Major Project

Draft II_Major Project

Antioxidant, antimutagenic and antibacterial activities of curcumin-β-diglucoside

Parvathy et al. (2009) conducted to prepare curcumin-β-diglucoside as a curcumin prodrug and to determine water solubility, antioxidant, antimutagenic and antibacterial activities of its by comparing with curcumin. Curcumin is a natural compound in turmeric, which has various pharmacological activities. However, curcumin has a low oral bioavailability because of its low water solubility and instability in aqueous and basic solutions. The use of a prodrug approach as a chemical and biochemical stabilization to overcome various barriers which can increase water solubility and stability. Curcumin-β-diglucoside was synthesized by glycosylation of curcumin at the phenolic hydroxyl group. Evaluation of water solubility found that curcumin-β-diglucoside was soluble in water at 10 mg/ml concentration, whereas curcumin was insoluble in water. The antioxidant activity showed that radical scavenging values of curcumin-β-diglucoside and curcumin were 50% and 41%, respectively. The antimutagenicity by protection the mutagenicity of sodium azide to Salmonella typhimurium demonstrated that the both of curcumin-β-diglucoside and curcumin afforded high activity. The antibacterials activity in Staphylococcus aureus and Escherichia coli found that curcumin-β-diglucosides had antibacterials activitiy with minimum inhibitory concentration (MIC) 0.051 and 0.469 µM, respectively, whereas, curcumin had antibacterials activitiy with MIC 0.081 and 0.611 µM, respectively. These activities between curcumin-β-diglucoside and curcumin were not significantly different. The researchers suggested that conjugation of the phenolic hydroxyl group of curcumin with sugar moiety improved only the water solubility of curcumin but does not affect its antioxidant, antimutagenic and antibacterial activities.

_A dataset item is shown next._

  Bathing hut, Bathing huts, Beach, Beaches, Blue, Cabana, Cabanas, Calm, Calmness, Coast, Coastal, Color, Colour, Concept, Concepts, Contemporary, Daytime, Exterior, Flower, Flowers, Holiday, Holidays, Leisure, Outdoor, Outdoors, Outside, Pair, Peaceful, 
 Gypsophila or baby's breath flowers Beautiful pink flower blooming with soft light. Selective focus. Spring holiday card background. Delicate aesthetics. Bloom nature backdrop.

        This study provides scientific evidence to synthesis curcumin-β-diglucoside as a curcumin prodrug for improve the problems of curcumin. However, there are some limitations.

1)               The researchers did not explained method and analysis of solubility in the water of curcumin and curcumin prodrug.

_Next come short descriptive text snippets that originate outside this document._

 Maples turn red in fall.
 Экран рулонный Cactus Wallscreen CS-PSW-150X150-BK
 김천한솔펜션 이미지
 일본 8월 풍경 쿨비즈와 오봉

2)               This study did not investigate the stability property. Curcumin-β-diglucoside should be determined stability property in aqueous and basic solution, which is an important problem of curcumin bioavailability (Zhang et al., 2011).

3)               This study investigated the activities of curcumin prodrug by using in vtro model may render of not significance in the results because prodrug refers to a pharmacologically inactive compound that is transformed by enzymes such as esterase, phosphatase and carboxylase in the mammalian system into an active substance by either chemical or metabolic process (Hosokawa, 2008). Therefoer, this study should be investigated the activities of curcumin prodrug by using in vivo model too.

The strength of this study is that synthesis of curcumin prodrug by conjugation of the phenolic hydroxyl group of curcumin with sugar, which had a solubility property and non-toxicity. Effects of curcumin prodrug determine by comparing with curcumin, which is the  parent compound. Moreover, this study is the clearly the methodology for synthesis and analysis of curcumin prodrug.

References

            Hosokawa, M. (2008). Structure and catalytic properties of carboxlyesterase isozymes                           involved in metabolic activation of prodrugs. Molecules, 13, 412-431.

Parvathy, K. S., Negi, P. S., & Srinivas, P. (2009). Antioxidant, antimutagenic and antibacterial activities of curcumin-β-diglucoside. Food Chemistry, 115, 523-530.

Zhang, F., Koh, G. Y., Jeansonne, D. P., Hollingsworth, J., Russo, P. S., Vicente, G., Stout, R. W., & Liu, Z. (2011). A novel solubility-enhanced curcumin formulation showing stability and maintainance of anticancer activity. Journal of pharmaceutical sciences, 100(7), 2778-2789.